Better than the Best by Far  Time owned: 6 to 12 months
The Prop Pitch is the “holy grail” of rotators (short of industrial gearboxes), but they have a complex install and only make sense for those that have big heavy arrays… or have plenty of money and simply want the best. The prop pitch is an interesting and unique rotator with unique requirements and unless you've went through the motions of installing one, you don't know how unique it is. Kurt’s remanufacturing work is absolutely immaculate putting this rotator truly in a class all by itself. (It’s called a “rebuild” here on e-ham, but it truly is a remanufacture.) It is a serious piece of hardware for serious hams that have pockets deep enough to spend serious money on their equipment, but has serious install requirements as well.

Their HUGE gear reduction either 7,000:1 (medium or large size) or 9,500:1 (small size) and the fact they were built for military plane propeller pitch control (hence the name) makes them pretty special in many ways. Kurt’s rebuilds are not oil filled like they were originally, but rather grease packed for rotator service. They are true triple-stage planetary gear drives and have stupid high torque capability that puts their safety margin so high that they yawn at turning a large array. But they do turn slower than most other rotators due to the high gear ratio. An interesting fact is that if you adjust for the time value of money for when they quit making the prop pitch in the mid 1950's, if they still made it today, the SMALL unit would cost about $28,000! That gives you an idea of the kind of mil-spec build quality and capability it has, as there was no corner cutting in its design like other rotators.

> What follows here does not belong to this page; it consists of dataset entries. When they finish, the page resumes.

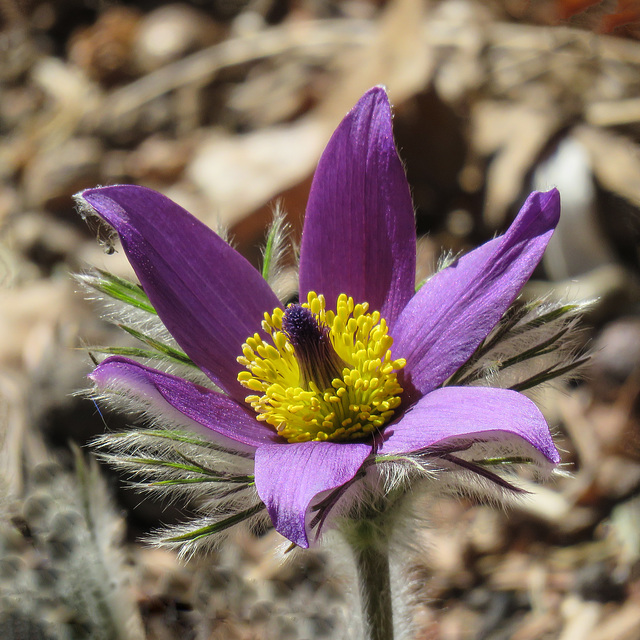 European Pasque Flower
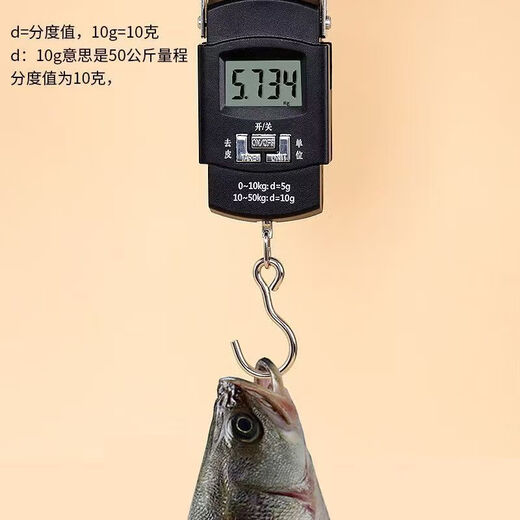 Electronic scale portable high-precision household weighing 150 Jin Jin is equal to 0.5 kg Mini spring scale high standard electronic scale accurate can weigh 50 Jin Jin is equal to 0.5 kg + battery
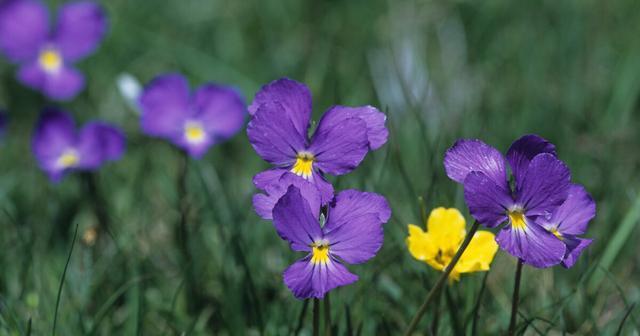 什么花代表背叛的花语？揭秘背叛含义的花卉有哪些？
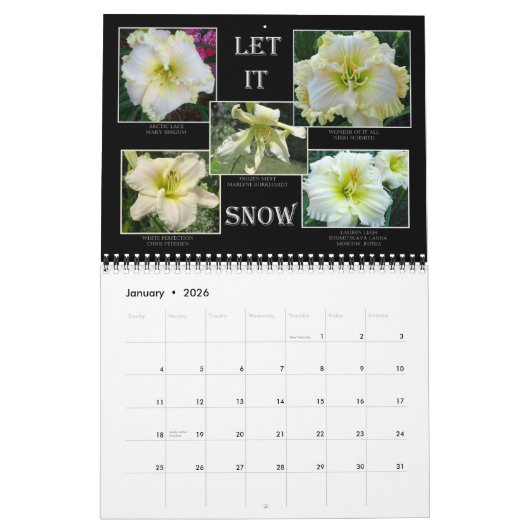 Calendrier de Daylily de 2014 AHS (Jan 2026)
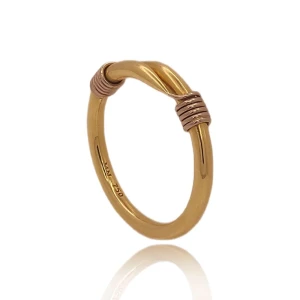 Anel Ouro 18K Duas Cores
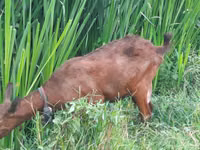 Echkilar (partiya, jinsi ko‘rsatilmagan), Murcia-Granada goats — 2-rasm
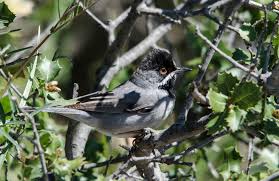 Image result for Sylvia rueppelli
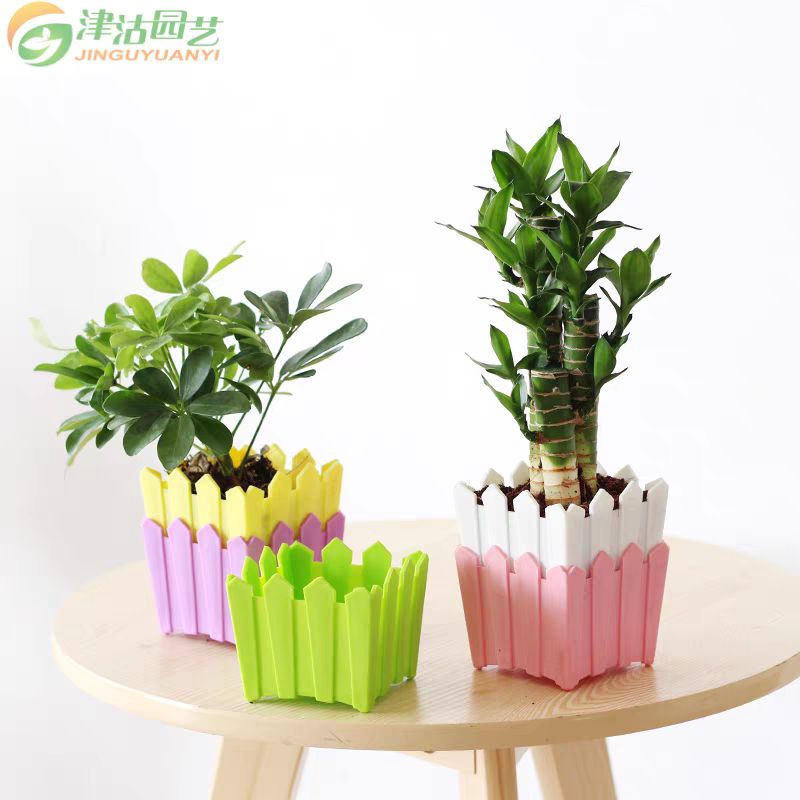 Vas Bunga Plastik | Pot Bunga Plastik | Pot Dekorasi Meja | Pot Bunga plastik Tanaman Bunga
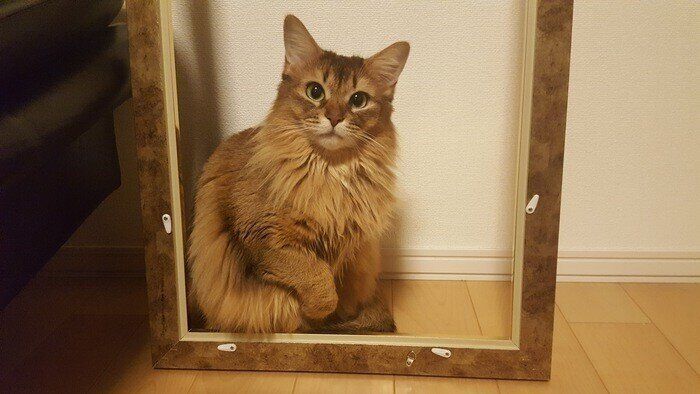 額に入ったソマリ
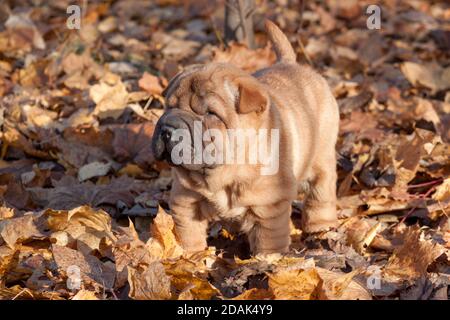 Shar-pei Welpe steht im Herbstlaub. Drei Monate alt. Haustiere. Stockfoto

The normal situation for installing a prop pitch is usually a high dollar large array installation and not just for a typical tribander due to its size and cost. The small prop pitch will fit in smaller towers like a crank up. (The smallest version of a prop pitch is larger than a Tailtwister, so it won't fit in compact crank-ups.) The medium size won't fit in anything smaller than Rohn 45. Even then you have to either cut out a cross brace or drop it in from the top, as it is physically long with the big motor on the bottom. And they are HEAVY! When I took delivery of the medium sized one from K7NV I was shocked at the weight when I tried to pick up the big tube it came in, as I hadn't considered how much it weighed. Packed, it weighed about 80 lb. Just the heavy mounting plate made to take the appropriate vertical loading and a heavy duty top bearing plate for the appropriate sized thrust bearing will set you back $500, not including the thrust bearing! If you add an intermediate plate, even more money is needed. It sure ain't no Ham IV installation! hi hi

The prop pitch requires higher amperage than other large standard rotators, so not just any controller can be used. A special Green Heron RT-21pp is what is normally used and is what Kurt supplies with a rebuilt unit. I hadn't considered the high current required by a prop pitch with a 280' wire run and how that affected voltage drop and wire gauge. The minimum wire I could go with was 10 gauge, which causes a 10% voltage drop at nominal current draw of 5 amps. At the peak amps of 8, it hits 17%, but I expect that we will never see that because we will keep the ramp rate pretty low. Jumping up to 8 gauge nearly triples the wire cost and does get the drop down to 10% drop at 8 amp peak current draw, but at nominal current draw it’s only a 3-4% difference, which isn't enough in speed/torque to worry about. A prop pitch requires 3 parallel runs of the heavy gauge wire and 2 conductors of small size for the feedback.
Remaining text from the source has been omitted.